The results lead to the conclusion that quantitative calculation of the enthalpy of complex formation can be carried out for the RNA/RNA, DNA/RNA, and DNA/DNA complexes using the MMGBSA method in a single-trajectory approximation using linear empirical correction. The resulting enthalpy value coincides with the experimental value with an accuracy of 8.6%. The values of the entropy and Gibbs free energy can be compared quantitatively only within one type of complex. In this case, the single-trajectory approach and combination of the MMGBSA and Q‑Harm methods give the highest accuracy, i.e., 8.2 and 9.3% on average, for RNA/RNA and DNA/RNA duplexes, respectively, when taking into account the linear correction for each type of the complex. The use of these two calculation methods is the most computationally efficient and gives an accurate quantitative assessment of the thermodynamic parameters of complex formation.

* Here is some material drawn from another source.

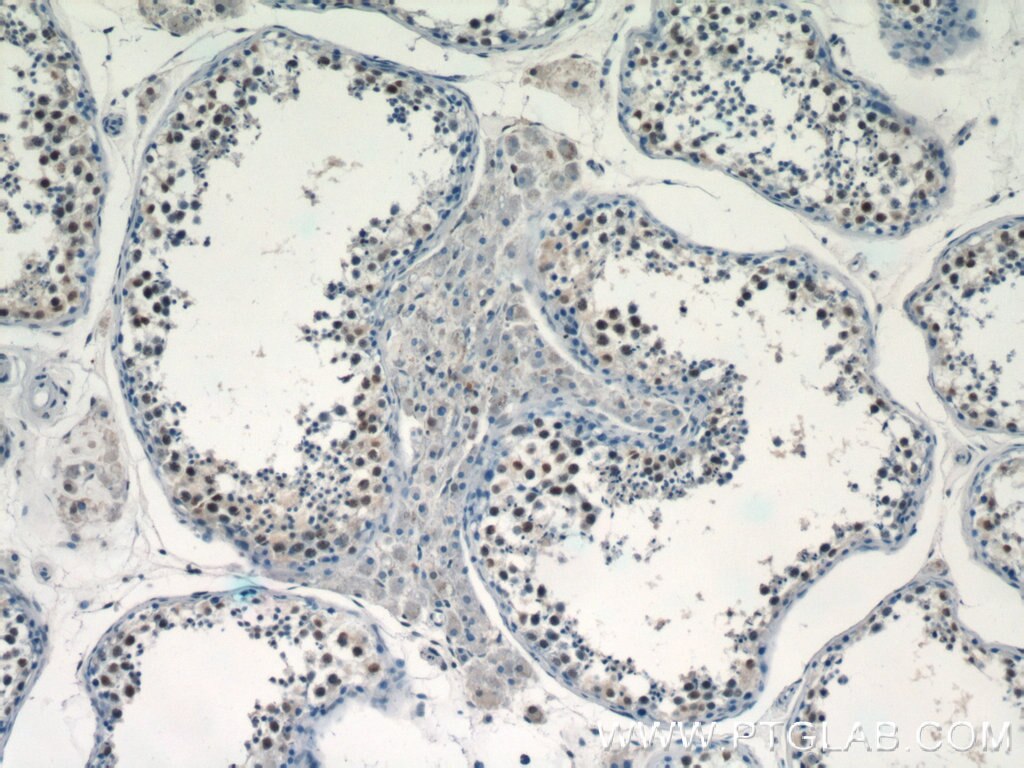 IHC staining of human testis using 24480-1-AP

To extend the proposed approach to NA analogs or derivatives, it is necessary to reliably calculate the structure of oligomers and their complexes with complementary nucleic acids. As soon as these structures or ensembles of structures are found, the method can be used to quickly assess the hybridization ability of NA derivatives. We showed earlier with examples of glycine-morpholino oligomers [32] and phosphoryl guanidine oligonucleotides [33] that the enthalpy values of complex formation calculated by the proposed method were close to the experimental values. However, the reliability of the proposed method should be quantified in additional studies of a set of oligomers of different lengths and GC compositions.

For quantitative calculation of the enthalpy of duplex formation, we recommend the MMGBSA method with an analysis of the trajectory of the duplex structure as an effective and fast approach. In the future, the proposed approaches can also be extended to NA analogs and derivatives, which will provide the opportunity for the rational design of new types of compounds.